- Born: July 9, 1966 (age 60)
- Occupation: CEO of New York Life Investments (2023 – present) President of EFAMA (2021 – present)

= Naïm Abou-Jaoudé =

French businessman

Naïm Abou-Jaoudé, born on 9 July 1966 in Jal-El-Dib (Lebanon), is the Chief Executive Officer (CEO) of New York Life Investment Management (NYLIM).

NYLIM, a multi-boutique third-party asset management business, is part of New York Life Investments (NYLI), which oversees more than $800 billion in assets. NYLI serves as the global investment manager branch of New York Life.

== Early life and education ==
Abou-Jaoudé spent his early years in Lebanon before emigrating to Paris, France in 1978. He earned a graduate degree at the Institute of Political Studies in Paris (IEP-Sciences Po) and holds a master's degree in Economics and Finance from Université Paris II – Panthéon Assas.

== Career ==
Abou-Jaoudé has spent his entire career in finance, more particularly in asset management, covering Continental Europe, the UK, the Middle East, the USA and in Asia-Pacific. He started his career in 1990 at Transoptions Finance, a subsidiary of Crédit Agricole.

Between 1996 and 1999, he oversaw the investment management equities and derivatives department at Alfi Gestion and UBS Asset Management France; the company that was acquired by Dexia Asset Management in 1995.

From 2000 to 2006, he served as chief investment officer (CIO) for alternative investments and a member of the executive committee of Dexia Asset Management.

In 2007, he held the positions of member of the executive committee of Dexia SA and chairman of the executive committee of Dexia Asset Management, and was named chief executive officer (CEO) of Dexia Asset Management.

Abou-Jaoudé was one of the key actors to lead the company through the 2008 financial industry turmoil. He also steered the acquisition of Dexia Asset Management by New York Life Investments, which was announced in February 2014. Dexia Asset Management then became a New York Life company and changed its name to "Candriam Investors Group", which stands for 'Conviction and Responsibility In Asset Management'.

In September 2015, next to his role as CEO of Candriam, he was appointed Chairman of New York Life Investment Management International, responsible for the activities and development of New York Life Investments' global business outside the USA.

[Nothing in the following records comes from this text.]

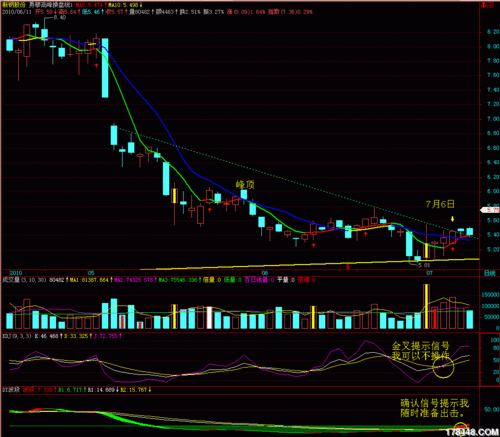 南昌汇中财富(南昌汇中财富中心地址)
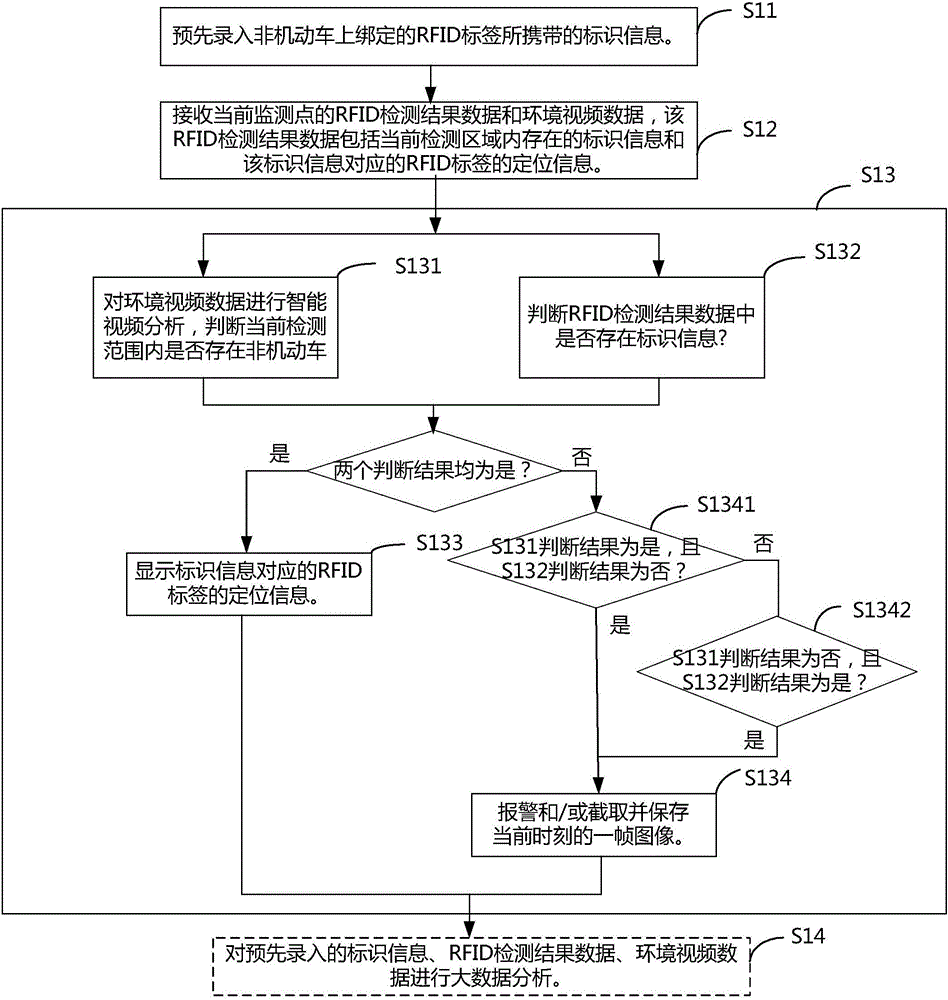 非機(jī)動(dòng)車管理方法、裝置及系統(tǒng)與流程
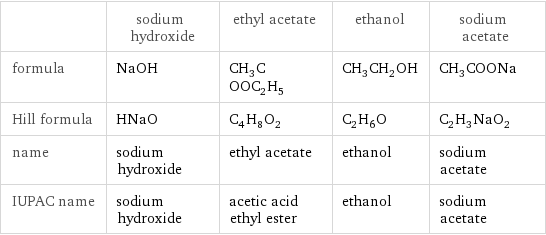  | sodium hydroxide | ethyl acetate | ethanol | sodium acetate formula | NaOH | CH_3COOC_2H_5 | CH_3CH_2OH | CH_3COONa Hill formula | HNaO | C_4H_8O_2 | C_2H_6O | C_2H_3NaO_2 name | sodium hydroxide | ethyl acetate | ethanol | sodium acetate IUPAC name | sodium hydroxide | acetic acid ethyl ester | ethanol | sodium acetate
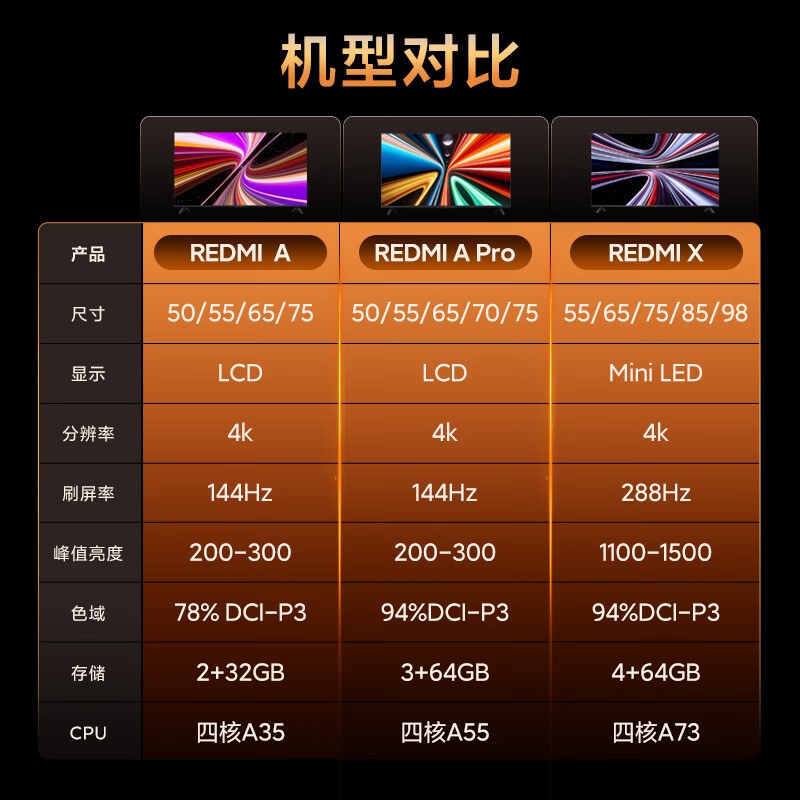 小米(MI)REDMI智能电视A65 一级能效 65英寸 144Hz高刷 2GB+32GB 电视平板L65RB-RAE高清大图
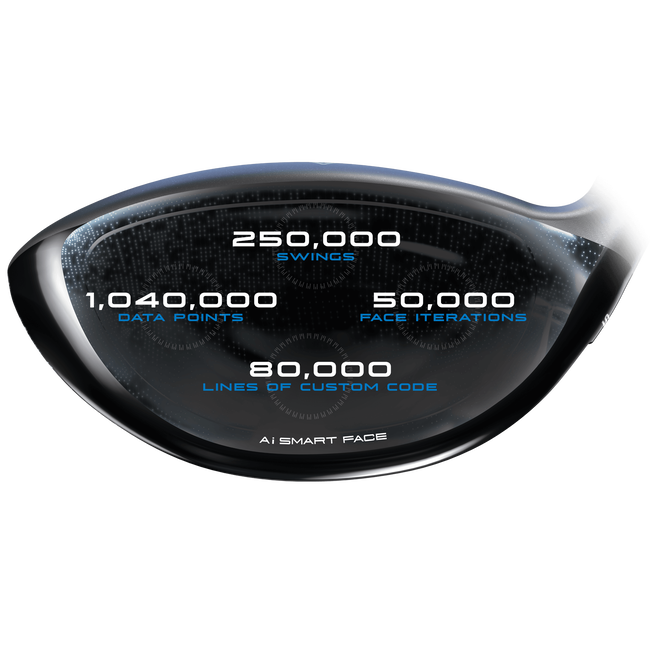 Bois de départ Callaway Paradym AI Smoke MAX D Droitier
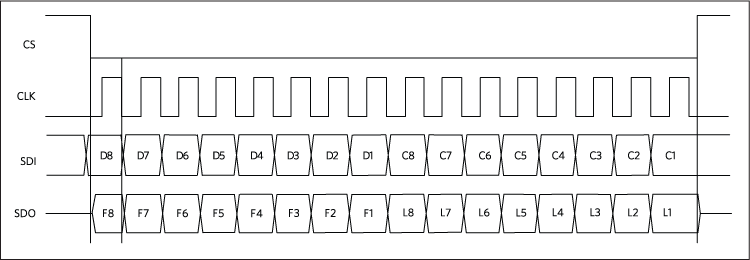 Figure 1. SPI cycle in 16-bit direct SPI mode.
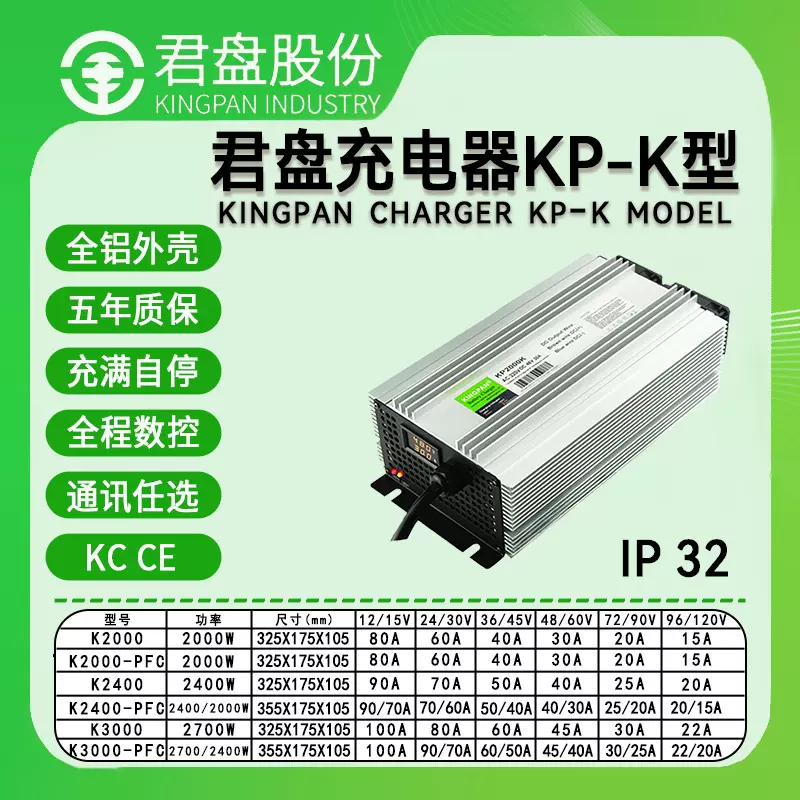 君盘2000-3300W带PFC电动观光车AGV RGV储能智能数控锂电池充电器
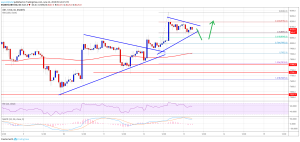 Imagem da matéria: Análise Técnica Bitcoin 13/06/19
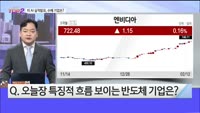 [오늘장TOP5 2위] AI가 붙은 반도체 급등...지금도 사도 되나?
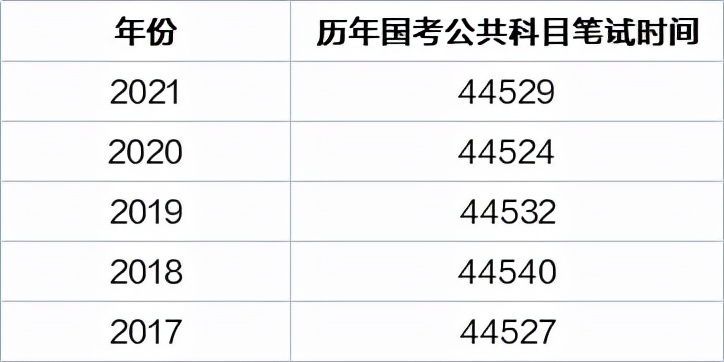 2022國家公務員考試即將舉行 考生備考要提上日程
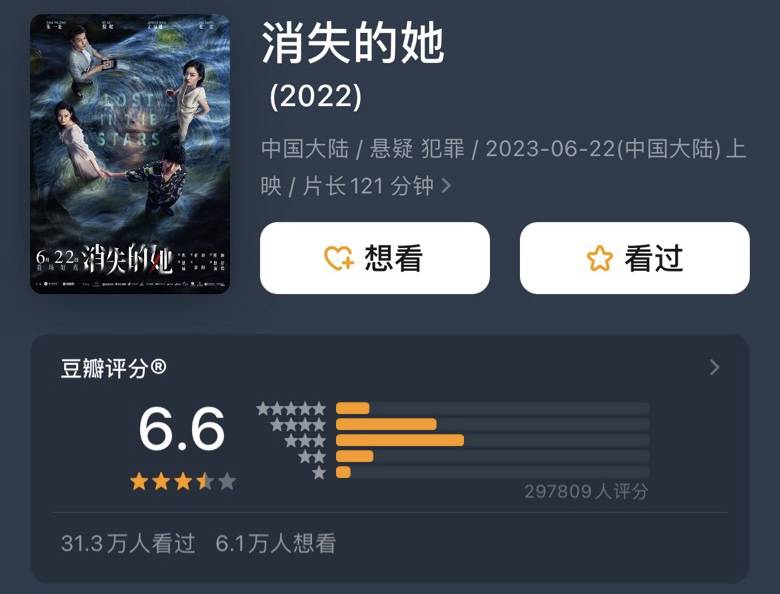 《消失的她》预测票房33亿,陈思诚成功吃到性别议题红利?-沐风文化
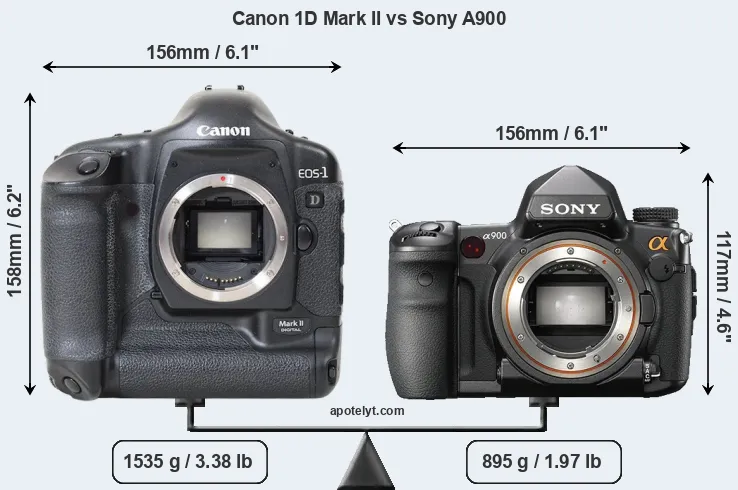 Size Canon 1D Mark II vs Sony A900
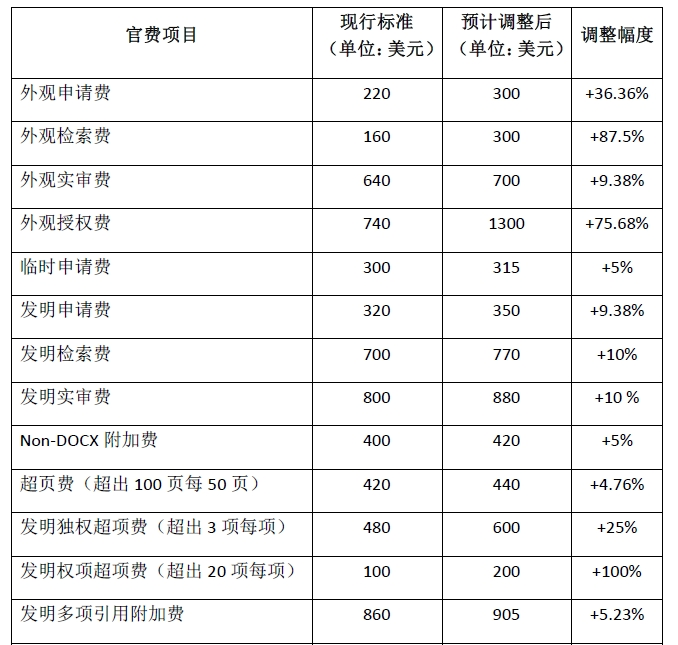 #晨報#美國專利商標局計劃在2024年10月1日大幅上調官費；最高檢：將加大對侵犯企業知識產權犯罪的打擊力度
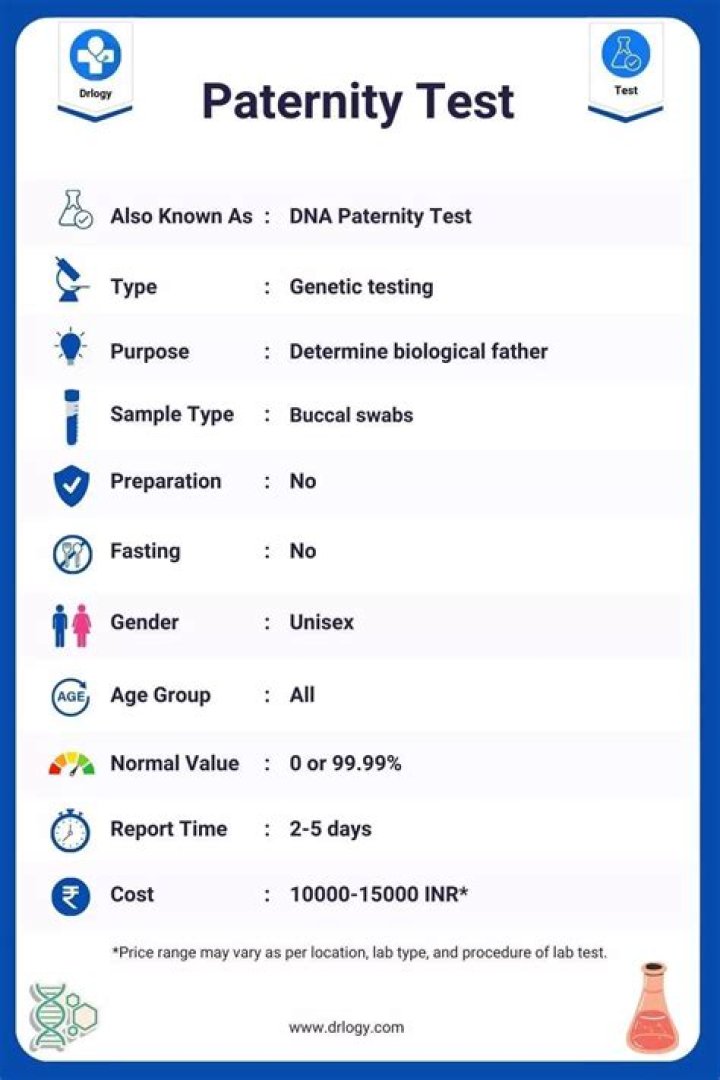 How much does a paternity test cost in Pennsylvania?
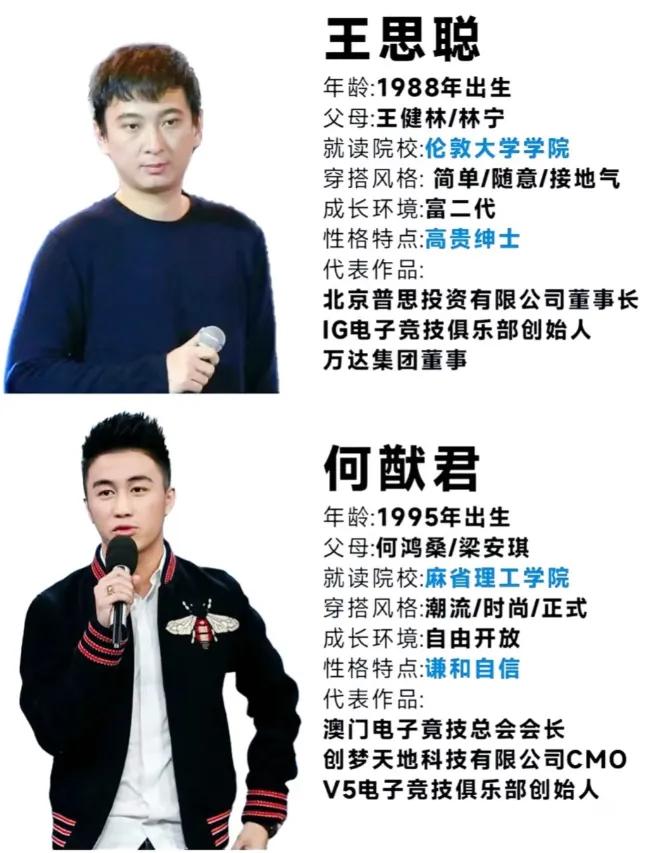 王思聪和何猷君
又给我们所有人上了一课
那就是老话说的好，想要发财，一定得听老婆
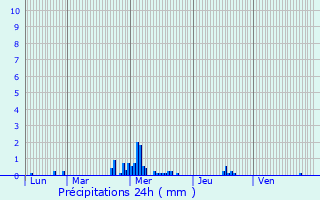 Graphique des précipitations prvues pour Saint-Armel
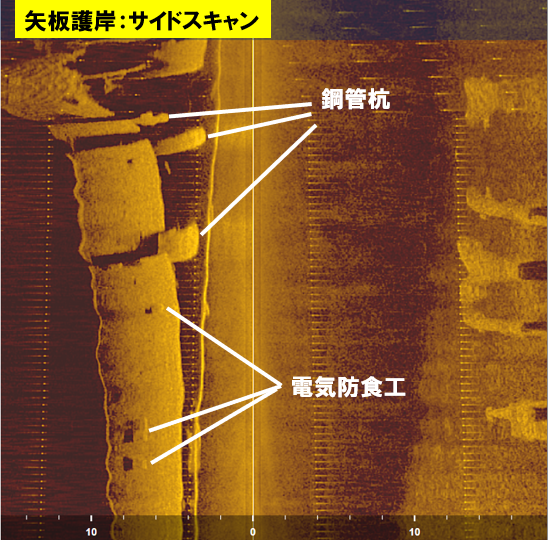 STEP2 サイドスキャンによる海底面可視化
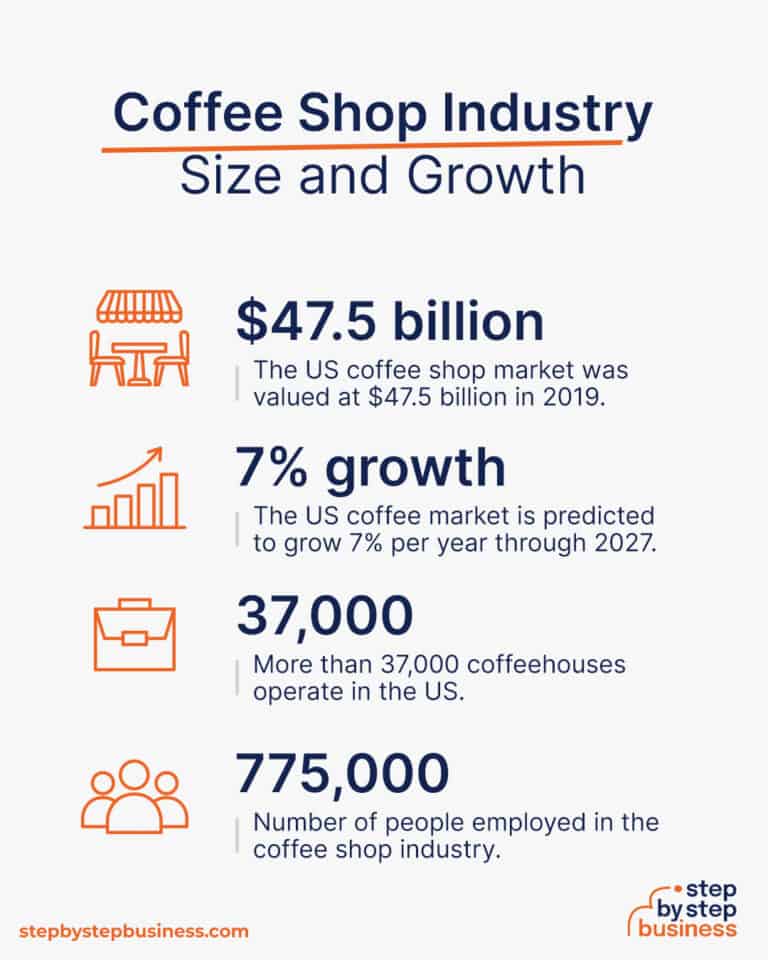 How to Start a Profitable Coffee Shop What You Need to Know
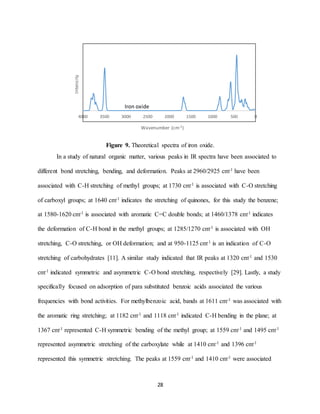 28
Figure 9. Theoretical spectra of iron oxide.
In a study of natural organic matter, various peaks in IR spectra have been associated to
different bond stretching, bending, and deformation. Peaks at 2960/2925 cm-1 have been
associated with C-H stretching of methyl groups; at 1730 cm-1 is associated with C-O stretching
of carboxyl groups; at 1640 cm-1 indicates the stretching of quinones, for this study the benzene;
at 1580-1620 cm-1 is associated with aromatic C=C double bonds; at 1460/1378 cm-1 indicates
the deformation of C-H bond in the methyl groups; at 1285/1270 cm-1 is associated with OH
stretching, C-O stretching, or OH deformation; and at 950-1125 cm-1 is an indication of C-O
stretching of carbohydrates [11]. A similar study indicated that IR peaks at 1320 cm-1 and 1530
cm-1 indicated symmetric and asymmetric C-O bond stretching, respectively [29]. Lastly, a study
specifically focused on adsorption of para substituted benzoic acids associated the various
frequencies with bond activities. For methylbenzoic acid, bands at 1611 cm-1 was associated with
the aromatic ring stretching; at 1182 cm-1 and 1118 cm-1 indicated C-H bending in the plane; at
1367 cm-1 represented C-H symmetric bending of the methyl group; at 1559 cm-1 and 1495 cm-1
represented asymmetric stretching of the carboxylate while at 1410 cm-1 and 1396 cm-1
represented this symmetric stretching. The peaks at 1559 cm-1 and 1410 cm-1 were associated
05001000150020002500300035004000
Intensity
Wavenumber (cm-1)
Iron oxide
 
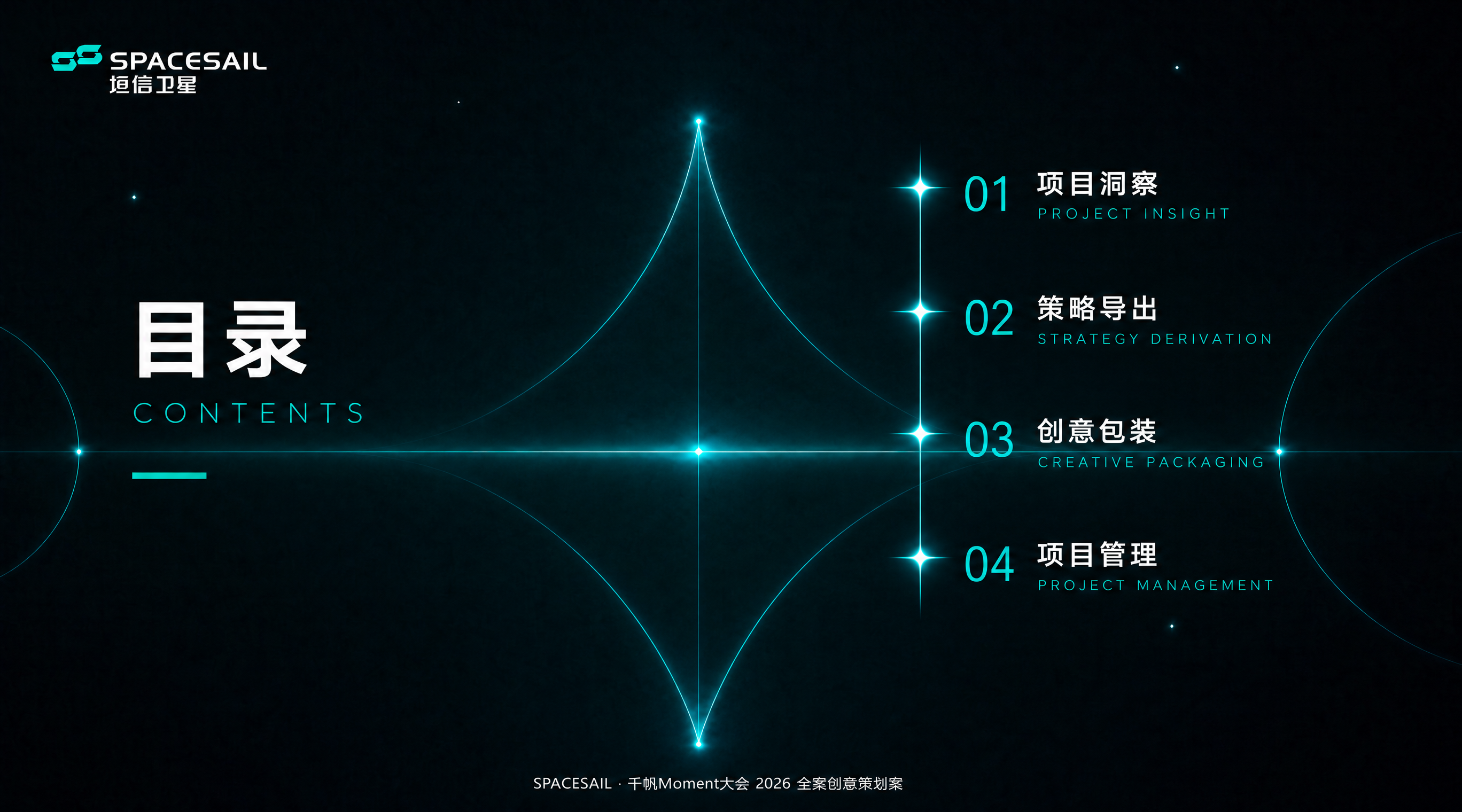 根据主KV和章节页（图1）的设计风格，优化目录页（图2），让风… - 图片创意预览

Under the leadership of Abou-Jaoudé, Candriam diversified its positioning through three main acquisitions: a majority stake in London-based private equity real estate manager Tristan Capital Partners, the integration of ABN Amro Investment Management's Paris-based direct investment management teams to Candriam, and the acquisition of a minority stake in Kartesia, a European private debt specialist.

Abou-Jaoudé has actively worked to bridge the ESG knowledge gap in the finance industry. In 2017, he led the development of the CANDRIAM Academy, a global educational resource for sustainable investing. The Academy aims to help investors better understand how to analyze, identify, and evaluate sustainable investments. Furthering his commitment to education on ESG, Naïm also fostered partnerships between Candriam and top-tier academic institutions across the world. These include Columbia University (US), the London School of Economics (UK), Imperial College (UK), Ecole Polytechnique (France), KEDGE Business School (France), UCLouvain (Belgium), and LUMSA (Italy).

In June 2021, Naïm was elected President of the European Fund and Asset Management Association (EFAMA), which is the voice of the EUR 27tn European investment management industry.

In 2023, Abou-Jaoudé became the CEO of New York Life Investment Management (NYLIM), the parent company of Candriam.